Brazil, where a Supreme Court judge famously took Elon Musk's X offline last year for 40 days over disinformation, has gone further than any other Latin American country in clamping down on questionable or illegal social media posts.

Thursday's ruling makes social media platforms' liable for third-party content deemed illegal, even without a court order.

Eight of the eleven judges ruled than an article of the 2014 Internet Civil Framework, which holds that the platforms are liable for questionable content only if they refuse to comply with a court order to remove it, was partially unconstitutional.

A majority of judges ruled that platforms must act "immediately" to remove content that promotes anti-democratic actions, terrorism, hate speech, child pornography, and other serious crimes.

For other types of illegal content, companies may be held liable for damages if they fail to remove it after it is flagged up by a third party.

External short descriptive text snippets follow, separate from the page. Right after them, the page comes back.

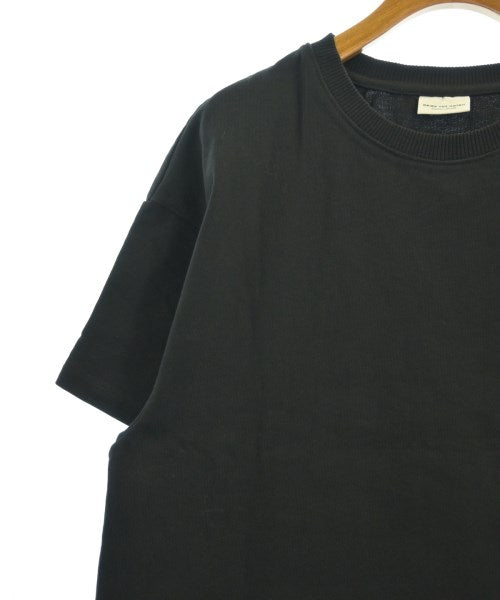 DRIES VAN NOTEN T恤/上衣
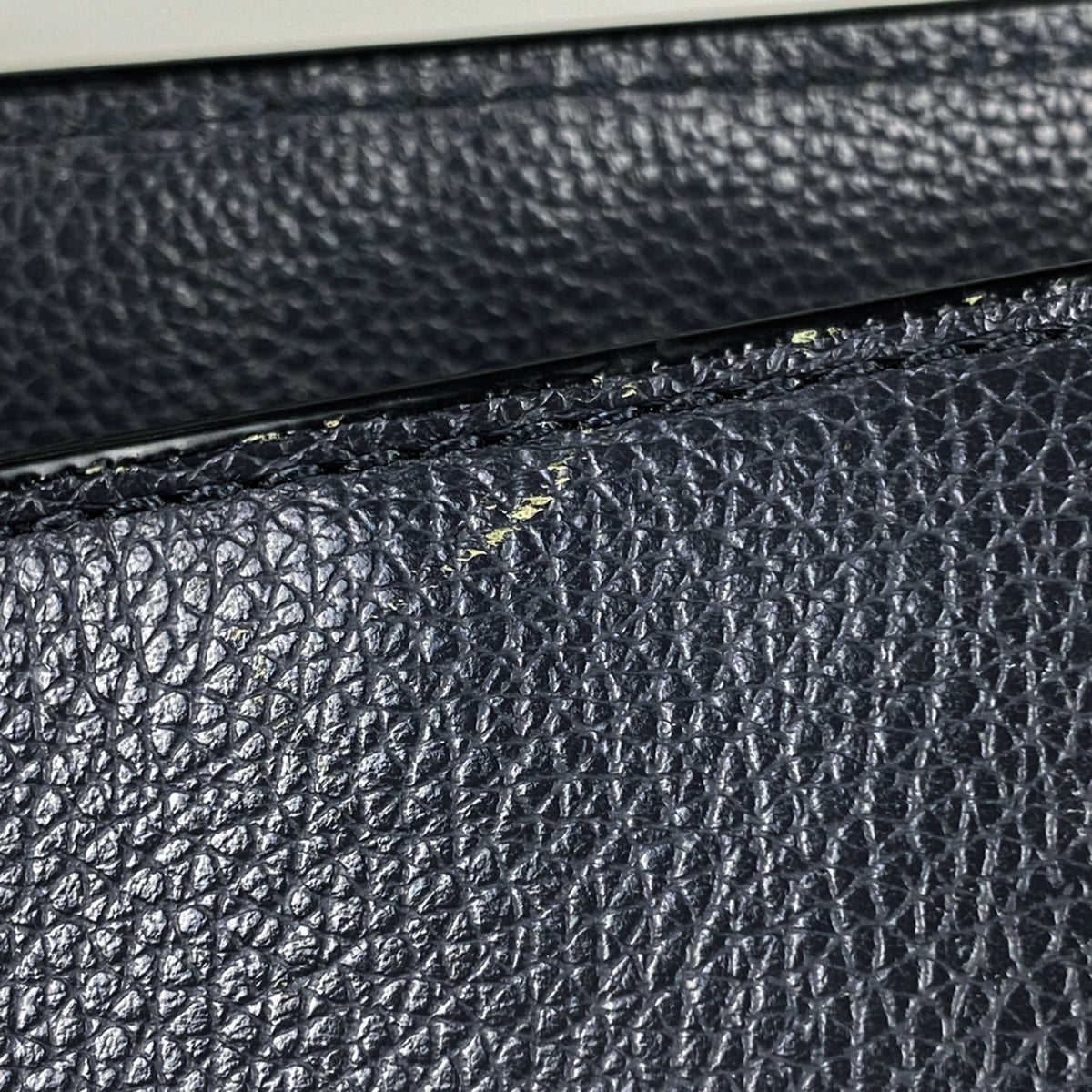 COACH F68944 BECKETT TOTE ベケット トート / コーチ Smooth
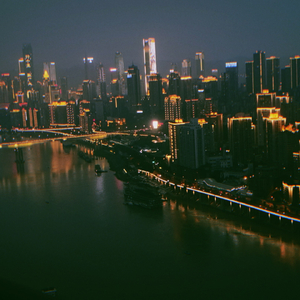 Lil.Jet-剧终（249 remix）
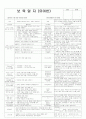 [보육일지] 평가인증 통과한 만3세 1월 1째주 새해, 재미있는 놀이 보육일지 : 새해가 되었어요 2페이지
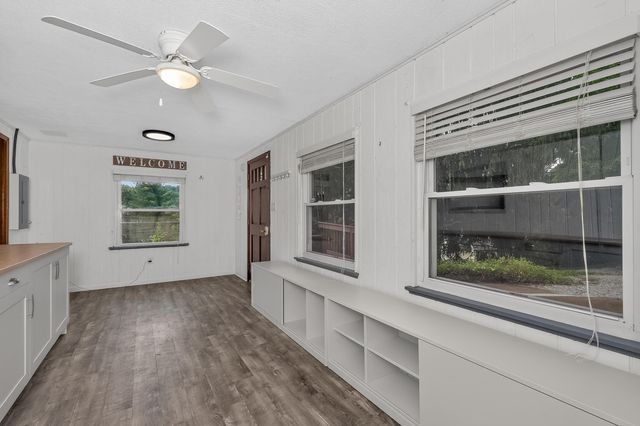 7629 Dietz Lane, Melbourne, KY 41059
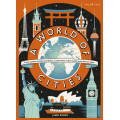 A World of Cities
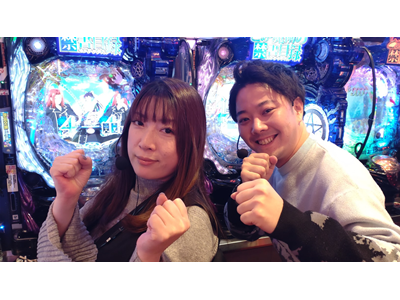 パチンコ必勝本CLIMAXセレクション #272 ノリで勉強させてもらいます#38 禁書目録２をノリ勉！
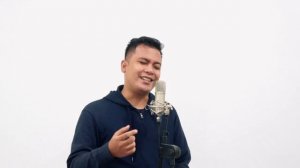 Tulus - Sewindu (Cover) by LANGKOVER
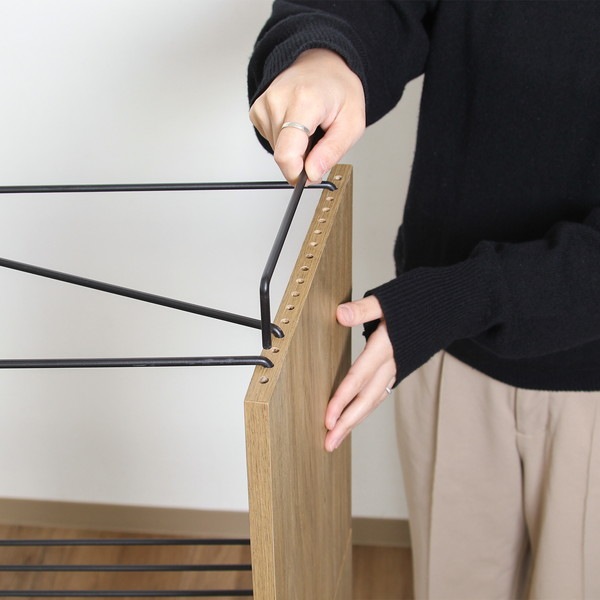 �����ǰ� EZBO �磻�䡼�ǥ����ץ쥤��å� NA ���ʥ�����51415 ��������������ꎥ����󥻥��ԲĎ��̳�ƻ����Υ�������Բġ� -������-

The ruling is likely to deepen the tensions between the Supreme Court on one hand, and the technology companies who accuse Brazil of censorship.

"We preserve freedom of expression as much as possible, without, however, allowing the world to fall into an abyss of incivility, legitimizing hate speech or crimes indiscriminately committed online," the court's president, Justice Luis Roberto Barroso, wrote.

Justice Kassio Nunes, one of the three dissenting judges, argued however that "civil liability rests primarily with those who caused the harm" and not with the platforms.